Free premiums are usually small gifts or merchandise included in the product package or sent to consumers who mail in a request along with a proof of purchase. In/on-package free premiums include toys, balls, trading cards, or other items included in cereal packages, as well as samples of one product included with another. Surveys have shown that in/on-package premiums are consumers’ favorite type of promotion. Package-carried premiums have high impulse value and can provide an extra incentive to buy the product. However, several problems are associated with their use. First, there is the cost factor, which results from the premium itself as well as from extra packaging that may be needed.
Finding desirable premiums at reasonable costs can be difficult, particularly for adult markets, and using a poor premium may do more harm than good. Another problem with these premiums is possible restrictions from regulatory agencies such as the Federal Trade Commission and the Food and Drug Administration or from industry codes regarding the type of premium used. The National Association of Broadcasters has strict guidelines regarding the advertising of premium offers to children. There is concern that premium offers will entice children to request a brand to get the promoted item and then never consume the product. The networks’ policy on children’s advertising is that a premium offer cannot exceed 15 seconds of a 30-second spot, and the emphasis must be on the product, not the premium.
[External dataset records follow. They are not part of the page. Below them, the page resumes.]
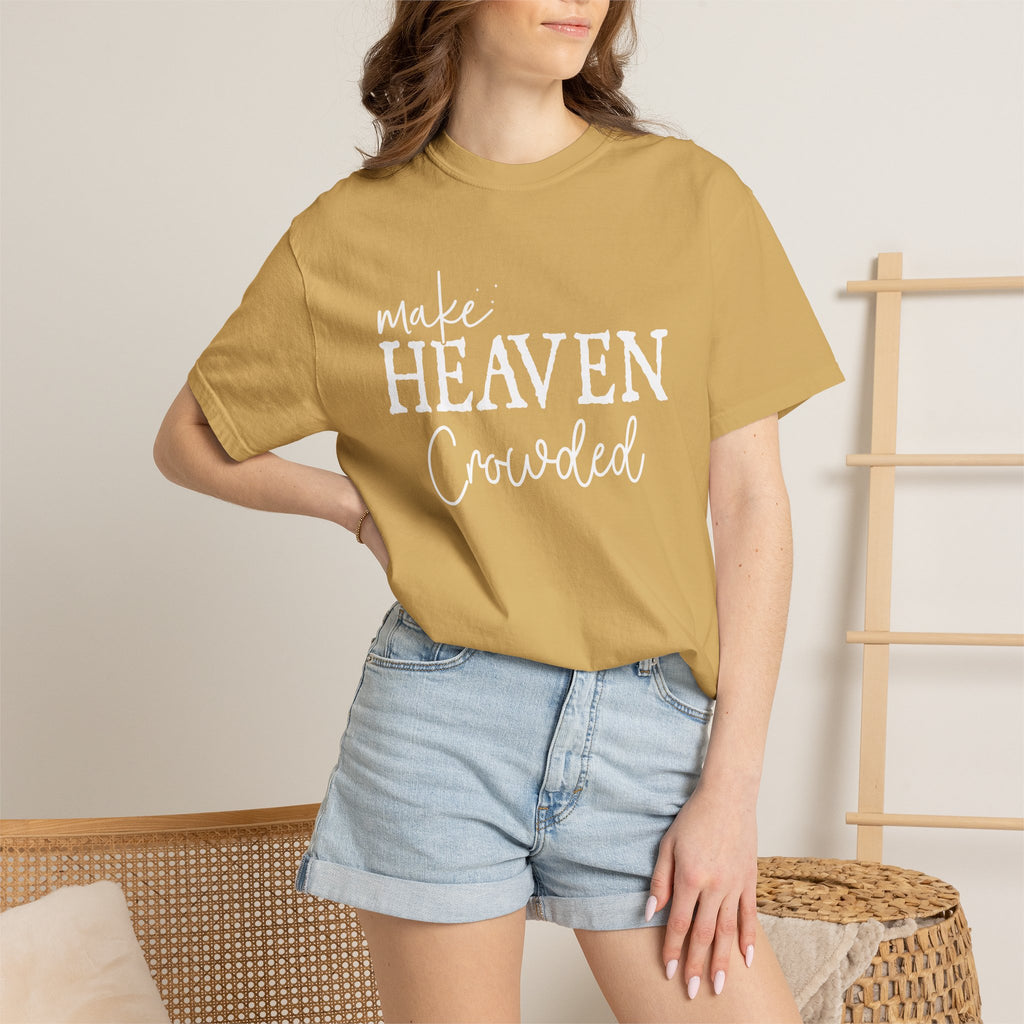 Make Heaven Crowded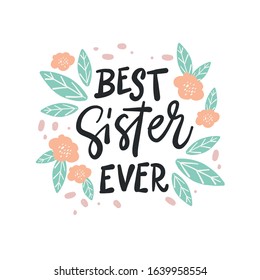 Handwritten phrases "Best sister ever"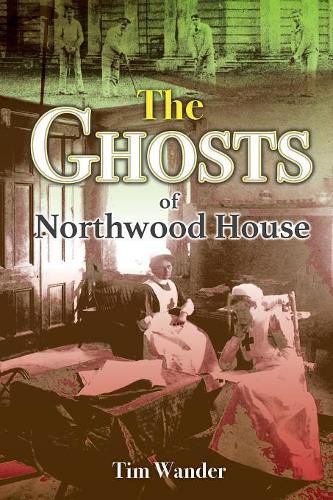 Cover image for The Ghosts of Northwood House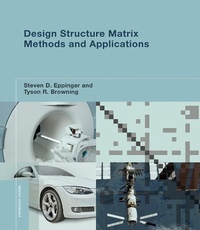 Enlarge image Cover: Design Structure Matrix Methods and Applications - MIT Press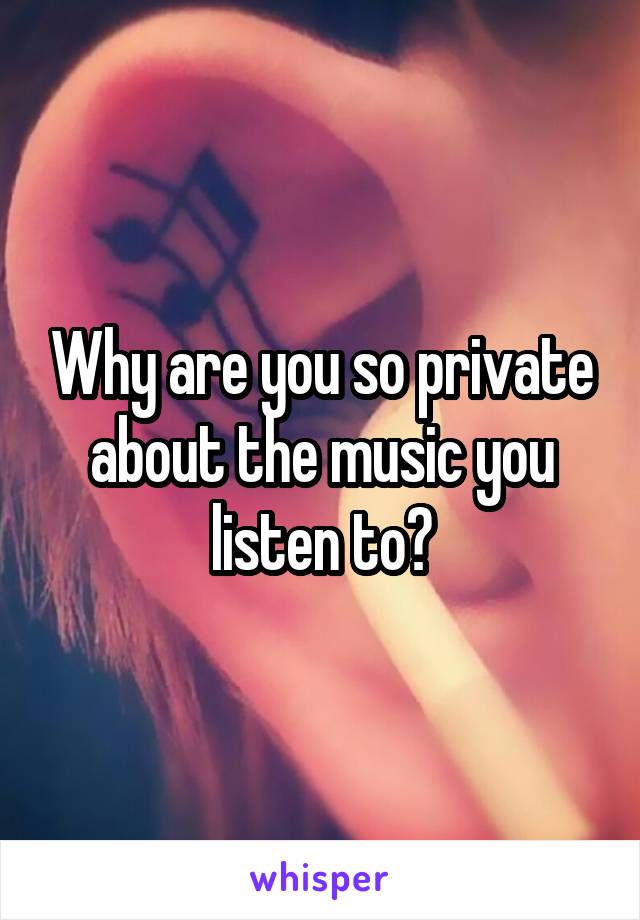 Why are you so private about the music you listen to?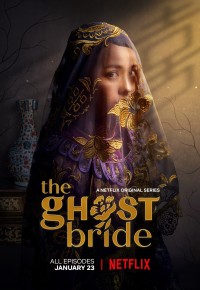 Làm dâu cõi chết | The Ghost Bride (2020) Làm dâu cõi chết | The Ghost Bride (2020)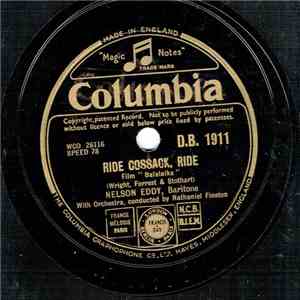 Nelson Eddy - Ride Cossack, Ride / The Magic Of Your Love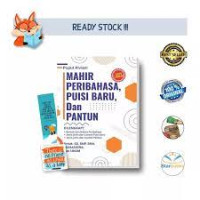 MAHIR PERIBAHASA, PUISI BARU, DAN PANTUN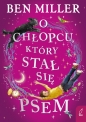 O chłopcu, który stał się psem - Ben Miller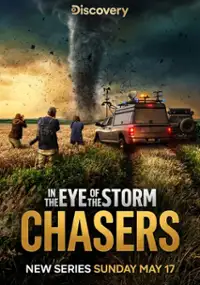 In the Eye of the Storm: Chasers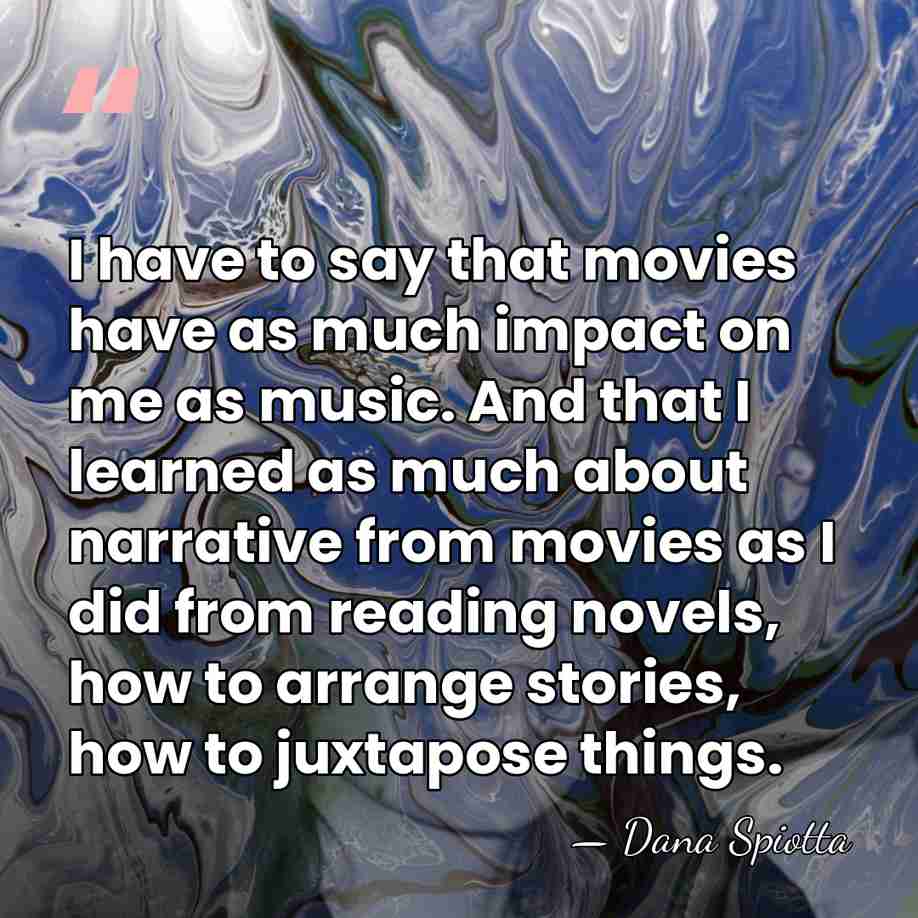 I have to say that movies have as much impact on me&hellip; - Dana Spiotta
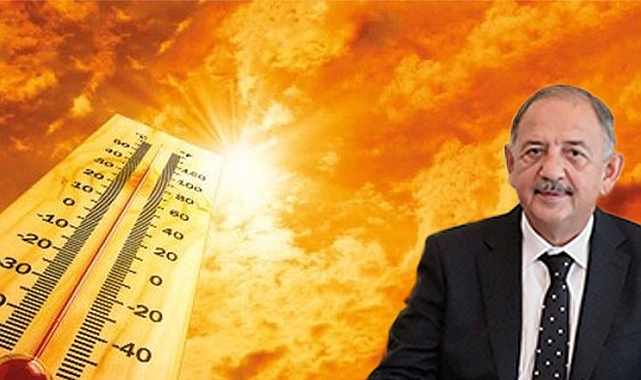 Bakan Özhaseki yüksek sıcaklıklara karşı uyardı!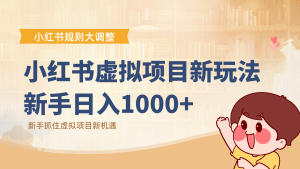 小红书虚拟项目变现课：抓住平台规则调整机遇，新手日入1000+-Z网创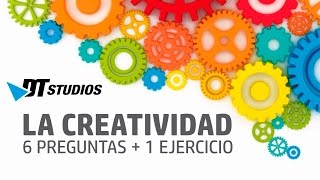 La creatividad  6 preguntas  1 ejercicio [upl. by Donetta883]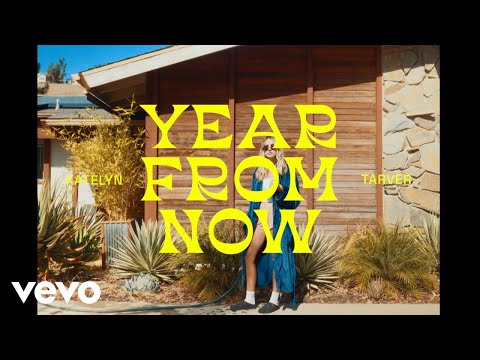 Katelyn Tarver - Year From Now (Official Video)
Since most free mail-in premium offers require the consumer to send in more than one proof of purchase, they encourage repeat purchase and reward brand loyalty. But a major drawback of mail-in premiums is that they do not offer immediate reinforcement or reward to the purchaser, so they may not provide enough incentive to purchase the brand. Few consumers take advantage of mail-in premium offers; the average redemption rate is only 2 to 4 percent.
Free premiums have become very popular in the restaurant industry, particularly among fast-food chains such as McDonald’s and Burger King, which use premium offers in their kids’ meals to attract children.38 McDonald’s has become the world’s largest toymaker on a unit basis, commissioning about 750 million toys per year for its Happy Meals (Exhibit 16-18). Many of the premium offers used by the fast-food giants have cross-promotional tie-ins with popular movies and can be very effective at generating incremental sales. McDonald’s gained a major competitive advantage in the movie tie-in premium wars in 1996 when it signed an agreement with Disney giving McDonald’s exclusive rights to promotional tie-ins with Disney movies for 10 years.